Broccoli may cause digestive distress, particularly in people with irritable bowel syndrome (IBS) (12).

This is due to its high fiber and FODMAP content.

FODMAPs (fermentable oligo-, di-, mono-saccharides, and polyols) are poorly absorbed short-chain carbs that are found naturally in foods, including cruciferous vegetables like broccoli (12).

In individuals with IBS, FODMAPs can pass to the colon unabsorbed, which may cause excessive gas or bloating (12).

It’s unclear whether certain cooking methods can affect the FODMAP content of food.

Still, cooking broccoli may help soften tough plant fibers that are found in cruciferous vegetables like broccoli. Therefore, it may make broccoli easier to chew and digest for some individuals.


Both raw and cooked broccoli contain FODMAPs, which are short-chain carbohydrates that may cause gas and bloating in some individuals. Cooking broccoli softens its fibers, making it easier to chew and digest.

Making broccoli a part of your diet is a healthy choice regardless of how you prepare it.
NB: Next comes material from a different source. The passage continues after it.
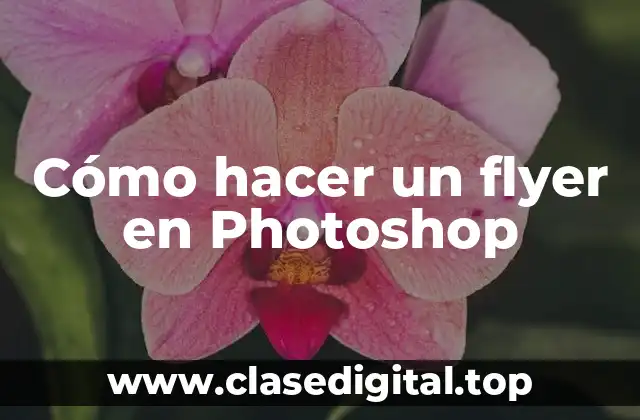 Cómo hacer un flyer en Photoshop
Both cooked and raw broccoli offer beneficial nutritional profiles that are rich in fiber, antioxidants, and important vitamins and minerals (1, 13).

To reap the greatest health benefits, it’s best to eat a variety of raw and cooked broccoli.

Enhance tossed salads by topping them with chopped raw broccoli florets, or simply munch on raw broccoli as a nutritious and crunchy snack.

On the other hand, enjoy lightly steamed broccoli as a stand-alone side dish or mixed into a hearty casserole.


Both raw and cooked broccoli are nutritious. Incorporating a combination of the two into your diet will offer the greatest health benefits.

Broccoli is a nutrient-packed vegetable that can be eaten safely either raw or cooked.

Cooking may enhance the antioxidant activity of broccoli, but it may also reduce its content of certain heat-sensitive nutrients, such as vitamin C and sulforaphane.

When cooking broccoli, it may be best to steam it, as this appears to offer the greatest retention of nutrients, compared with other cooking methods.

For maximum health benefits, incorporate a combination of both raw and cooked broccoli into your diet.